There is no payment default clause; if a customer misses a payment, the dealer does not have to pay back the advance. If they gave them $10,000 instead of $11,000 the dealer is at a $1,000 disadvantage by using Credit Acceptance over other lenders. The difference is that once Credit Acceptance has collected $10,000 in payments, the dealer can earn back the fees associated with that contract, and will receive 80% of every payment made. This makes it more of a partnership with dealers which encourages them to give accurate information to allow the system to accurately assess the risk which affects how that contract performs. If that contract meets or exceeds expectations, dealers receive additional funds, as opposed to the funds which line the pockets of every other subprime lender who operate their business traditionally.

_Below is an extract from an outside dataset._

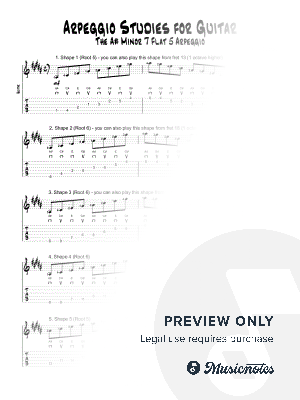 Arpeggio Studies for Guitar - The A# Minor 7 Flat 5 Arpeggio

How does that change the dealer margin in the short term? Are used car dealers encouraged to effectively mark up the car?
The difference is you cannot mark it up because you will only get $12,000. You are limited based on what the lender will finance. Credit Acceptance allows dealers more control to structure deals because everything they do can increase or decrease the amount of risk on that loan. If a good credit customer gets a 60-month term and a bad credit customer gets a 36-month term, Credit Acceptance would offer 48 months. With any change to the car deal, dealers can see how it increases or decreases the risk.
As they make changes to the loan and decrease the associated risk, they are rewarded by getting funded more money. This trains dealers to build car deals in a manner which provides less risk for both parties and offers customers more affordable payments. With other lenders, when you lower your selling price, you give up profit margin, but with Credit Acceptance a dealer can lower the selling price by $1,000 and make $700 more up front on day one.
Lowering the price by $1,000 brings down the monthly payment by roughly $30, making it more affordable for the customer. They could lower the price by $700 but add a vehicle service contract, so if the vehicle breaks, it gets repaired and all the customer is at risk for is a $100 deductible instead of a $1,400 repair bill. They can now continue to make those loan payments without getting into a financial pinch. Credit Acceptance teaches dealers to create deals with less associated risk to achieve the best performance because that gets them more money up front and a bigger portion of profits later.
Why would dealers choose Credit Acceptance over other lenders?
A big part is knowing you will make more money later which creates stability. Many dealers run a buy here, pay here business and avoid banks. They collect all the interest and make money throughout the life of the loan, which is substantial with bad credit customers. On a long term 66 to 72 month loan, with high interest, there might be $10,000 in finance charges. Taking $2,000 less on day one, with a possibility of an extra $6,000 later, makes a huge difference.